> [Exercise requirements] In this exercise, write out the data word for word and leave every image out.

> [Dataset]

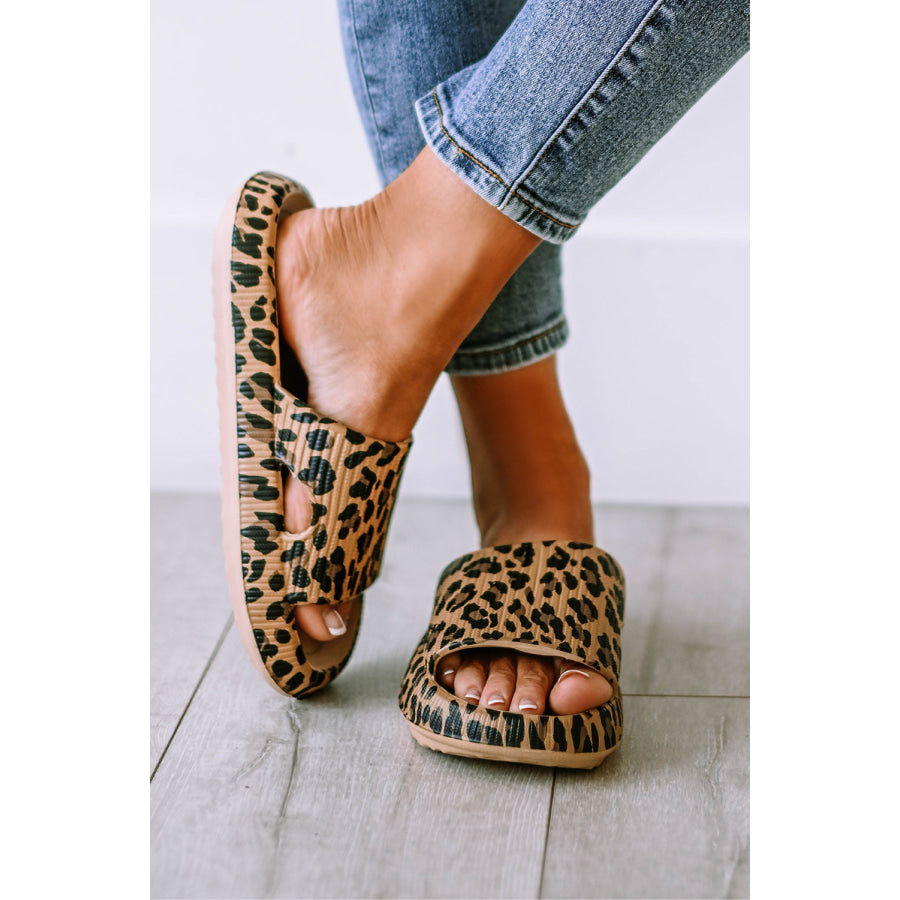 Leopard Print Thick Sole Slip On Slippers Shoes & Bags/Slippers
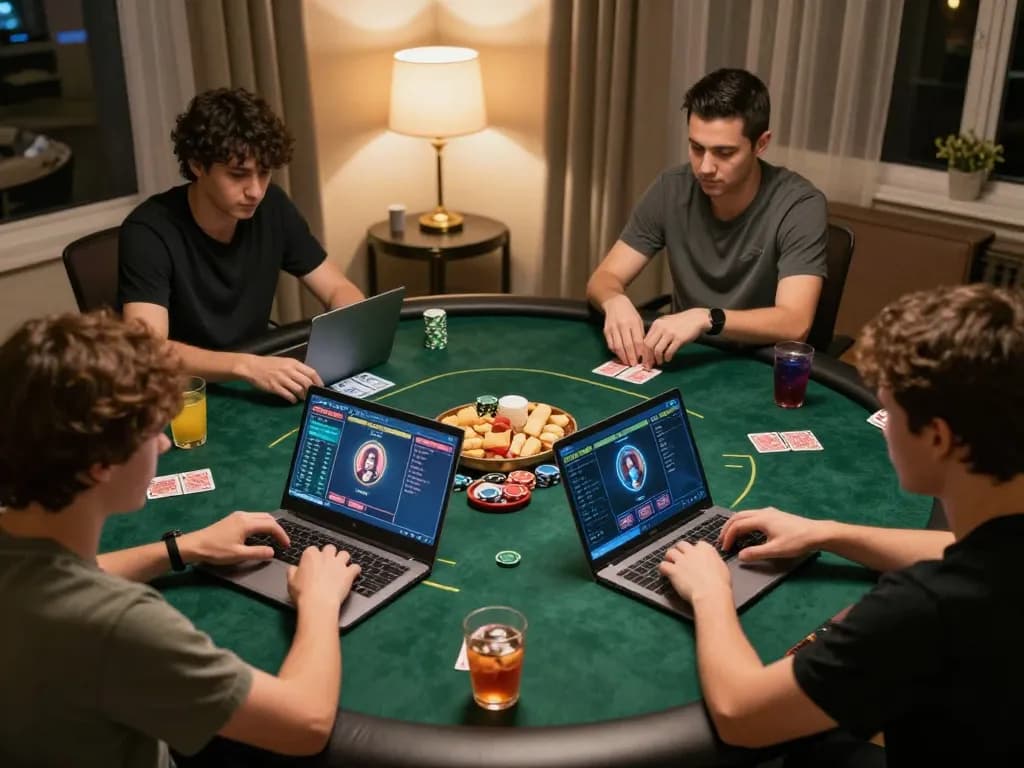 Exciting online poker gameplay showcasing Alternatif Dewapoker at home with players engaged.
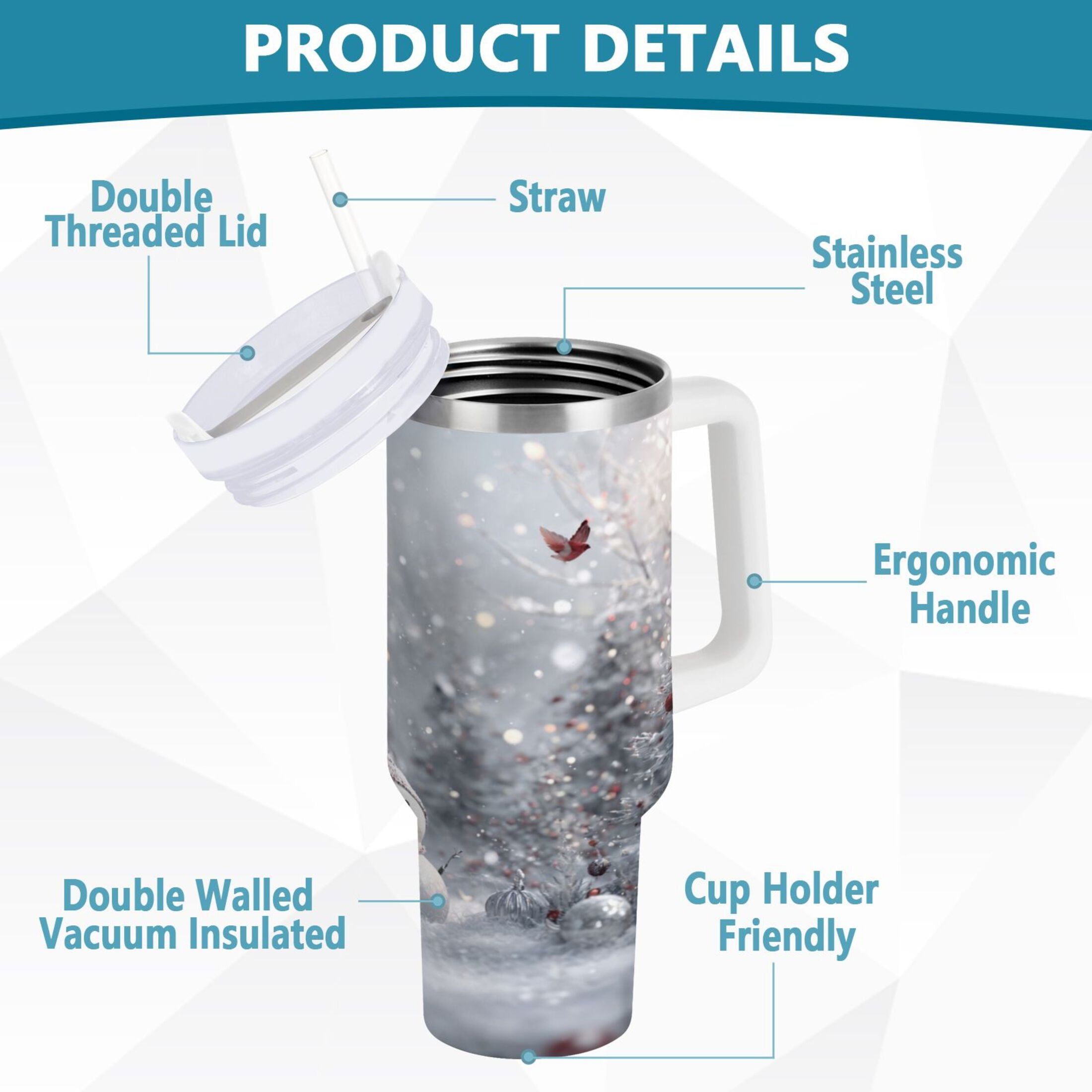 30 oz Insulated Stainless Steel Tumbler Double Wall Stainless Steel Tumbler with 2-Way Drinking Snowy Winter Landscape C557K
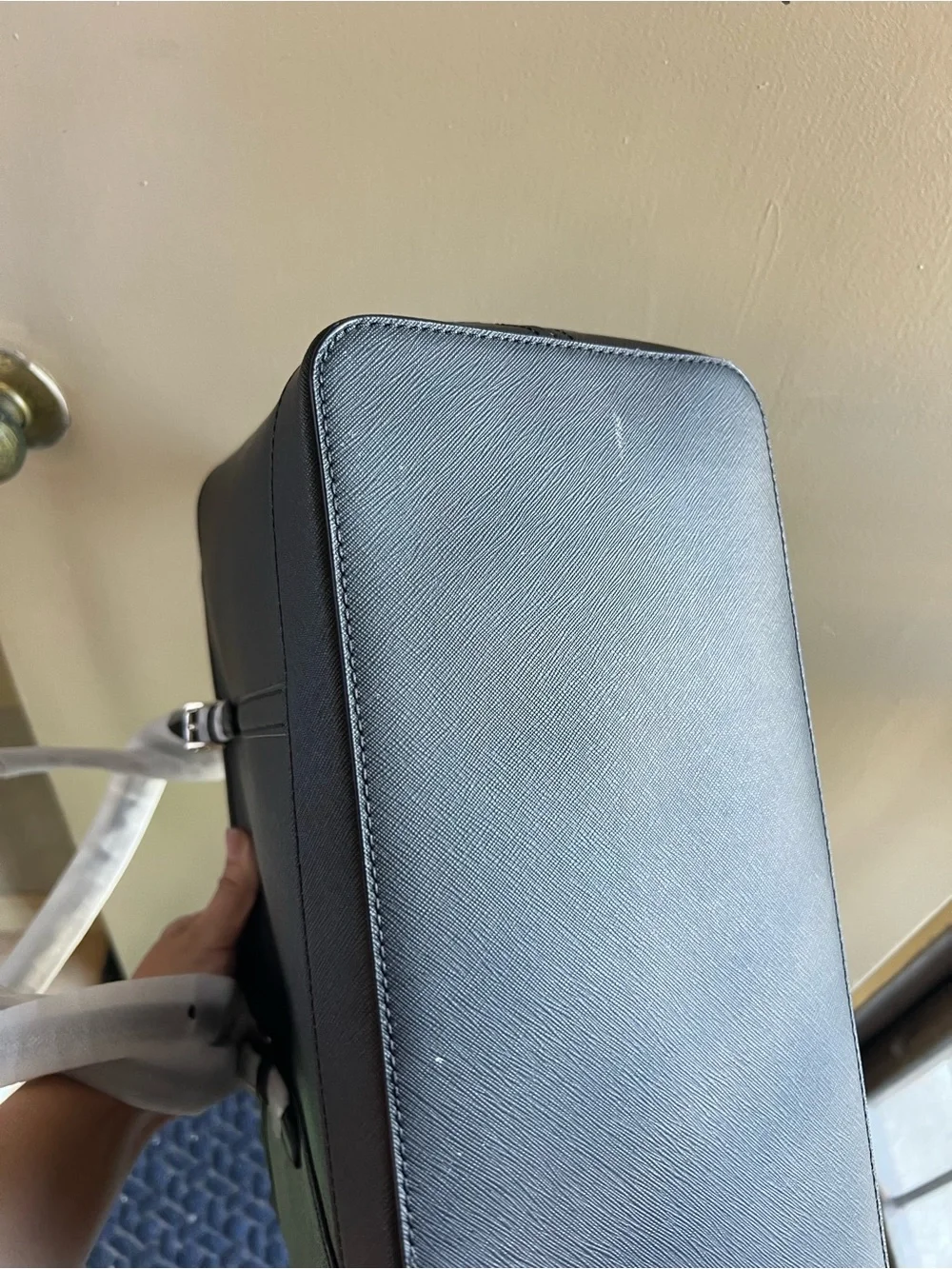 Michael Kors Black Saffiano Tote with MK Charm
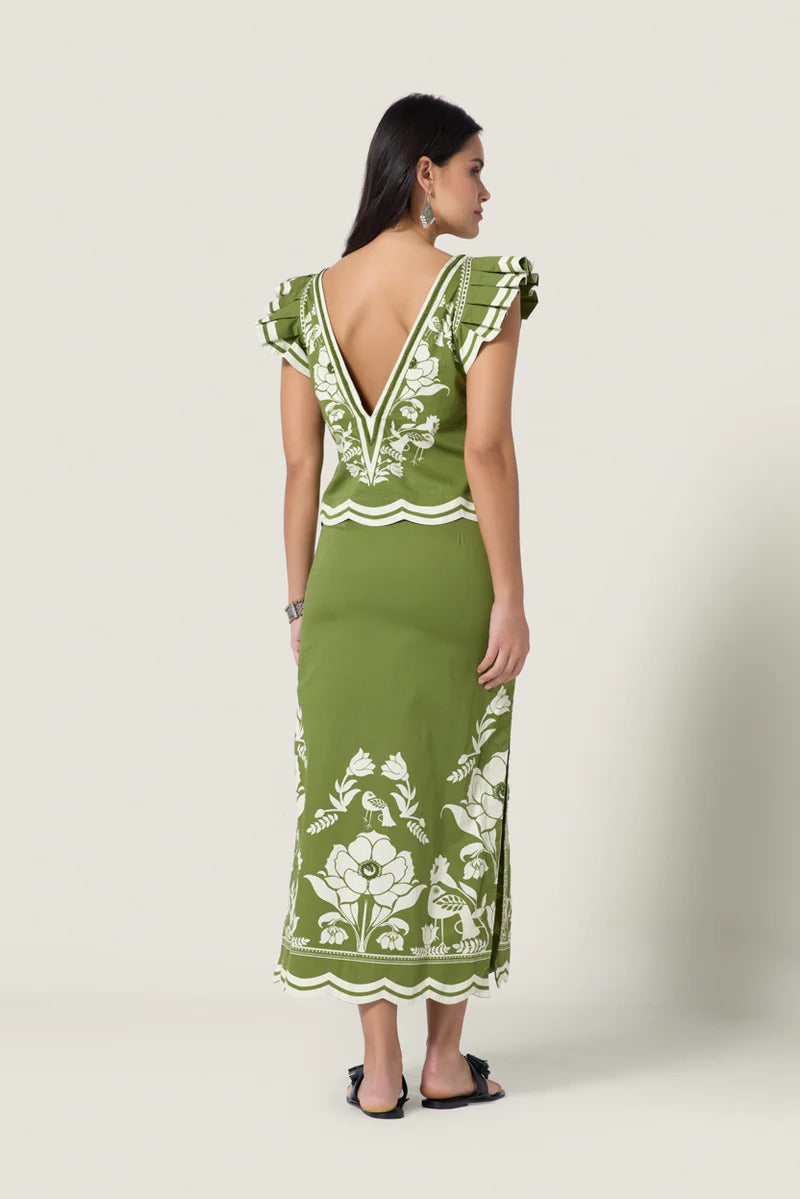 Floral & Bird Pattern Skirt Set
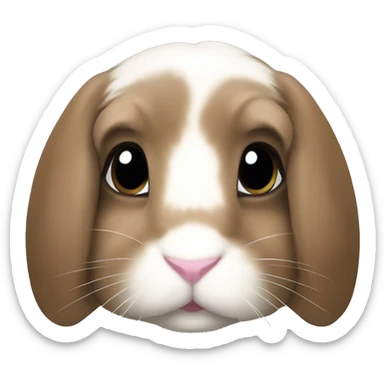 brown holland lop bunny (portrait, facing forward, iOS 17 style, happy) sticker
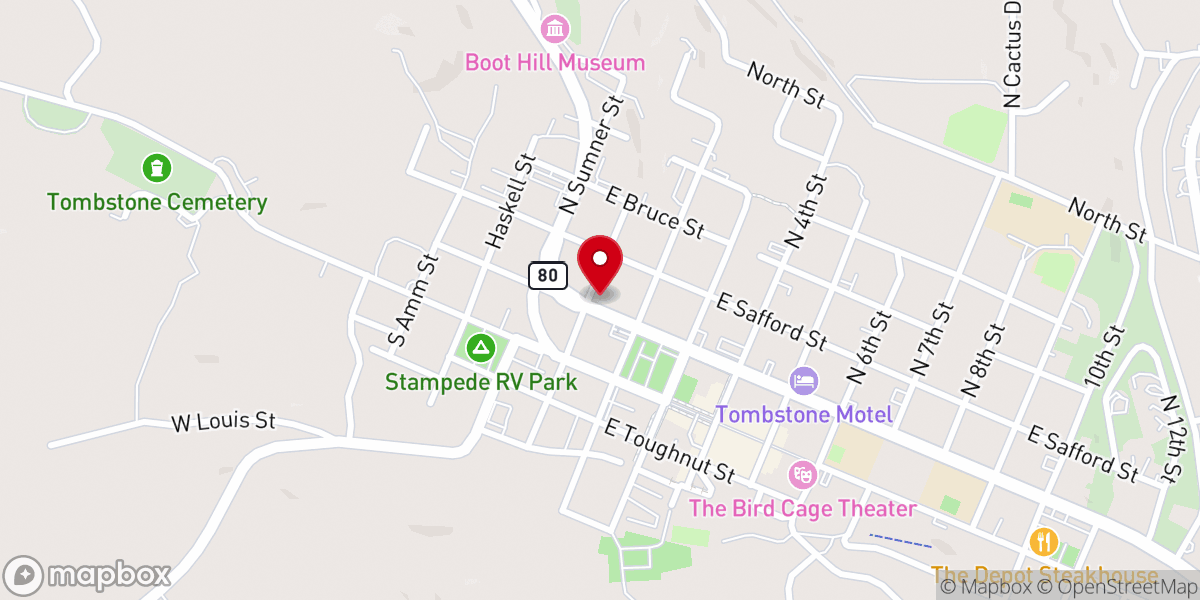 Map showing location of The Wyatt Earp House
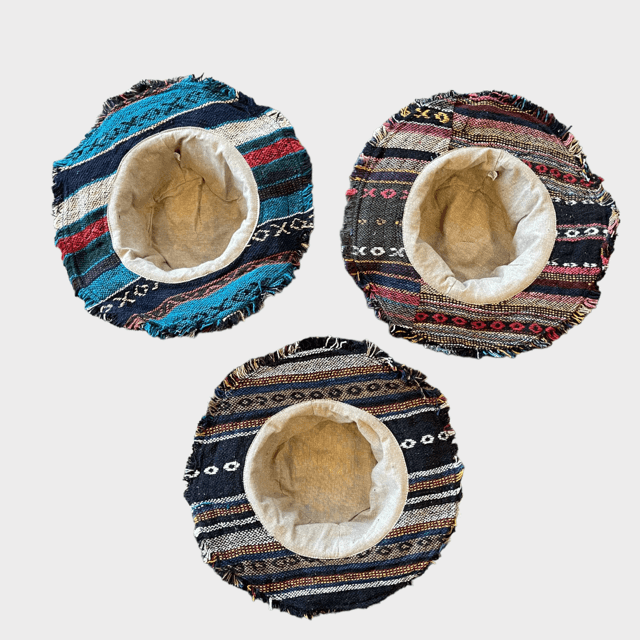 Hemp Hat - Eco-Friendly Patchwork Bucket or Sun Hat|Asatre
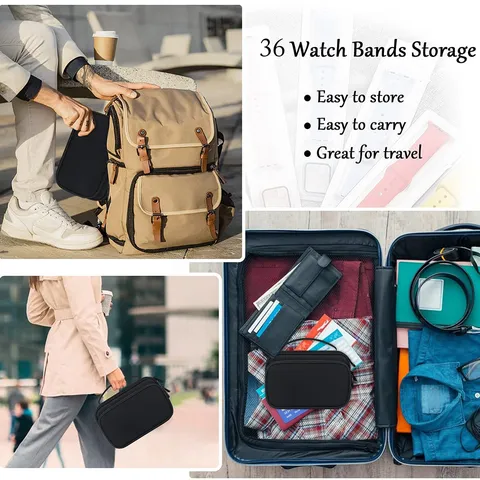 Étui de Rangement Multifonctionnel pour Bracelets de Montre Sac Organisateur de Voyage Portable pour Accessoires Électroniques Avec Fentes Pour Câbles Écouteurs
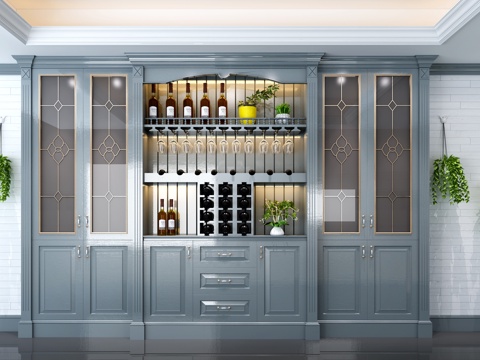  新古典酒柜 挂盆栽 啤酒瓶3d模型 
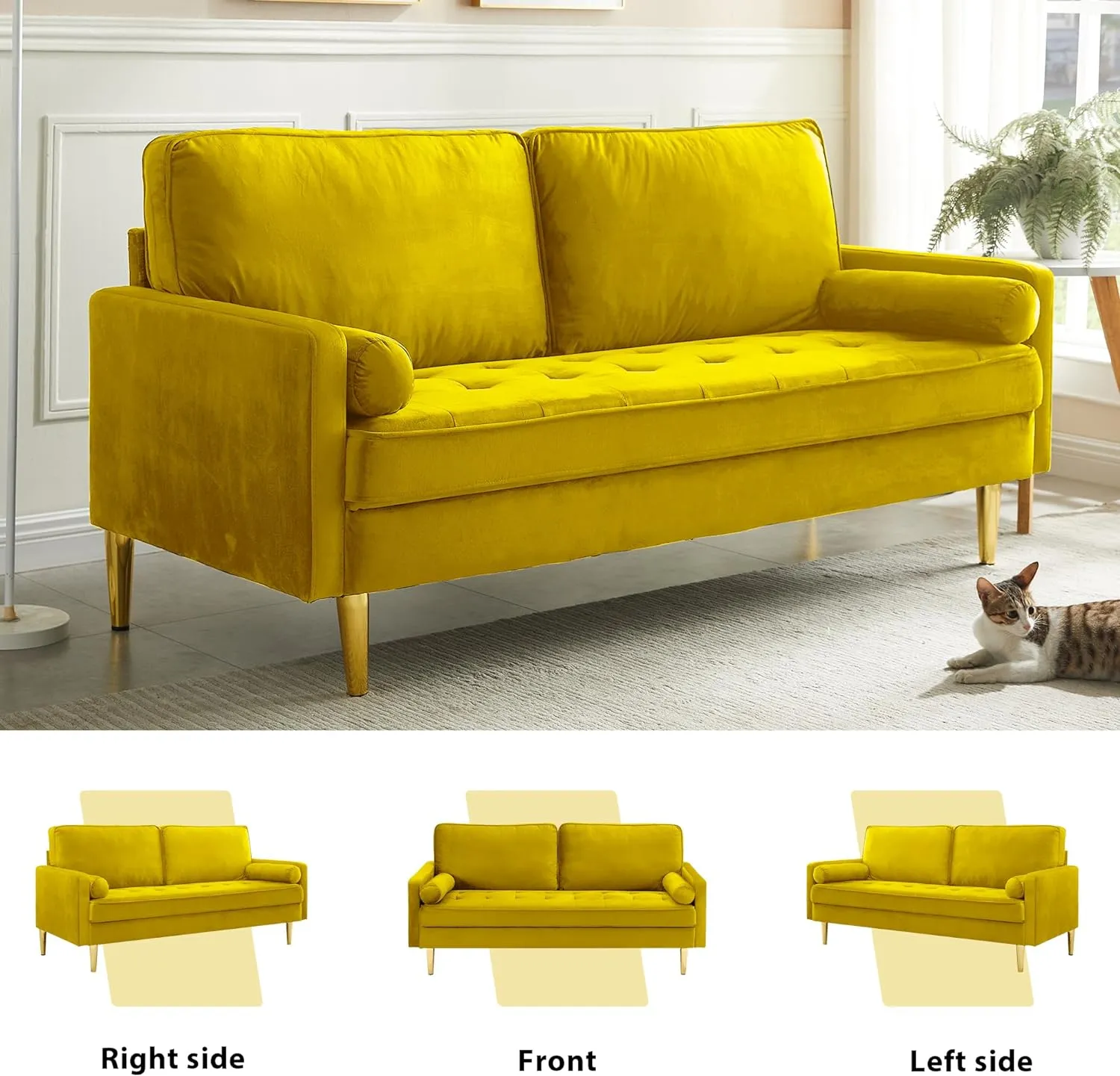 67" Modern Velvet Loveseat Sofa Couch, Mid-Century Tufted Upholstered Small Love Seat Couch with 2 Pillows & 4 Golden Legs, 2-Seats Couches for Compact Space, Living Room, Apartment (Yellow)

> [Solution for this exercise]
 Leopard Print Thick Sole Slip On Slippers Shoes & Bags/Slippers
 Exciting online poker gameplay showcasing Alternatif Dewapoker at home with players engaged.
 30 oz Insulated Stainless Steel Tumbler Double Wall Stainless Steel Tumbler with 2-Way Drinking Snowy Winter Landscape C557K
 Michael Kors Black Saffiano Tote with MK Charm
 Floral & Bird Pattern Skirt Set
 brown holland lop bunny (portrait, facing forward, iOS 17 style, happy) sticker
 Map showing location of The Wyatt Earp House
 Hemp Hat - Eco-Friendly Patchwork Bucket or Sun Hat|Asatre
 Étui de Rangement Multifonctionnel pour Bracelets de Montre Sac Organisateur de Voyage Portable pour Accessoires Électroniques Avec Fentes Pour Câbles Écouteurs
  新古典酒柜 挂盆栽 啤酒瓶3d模型 
 67" Modern Velvet Loveseat Sofa Couch, Mid-Century Tufted Upholstered Small Love Seat Couch with 2 Pillows & 4 Golden Legs, 2-Seats Couches for Compact Space, Living Room, Apartment (Yellow)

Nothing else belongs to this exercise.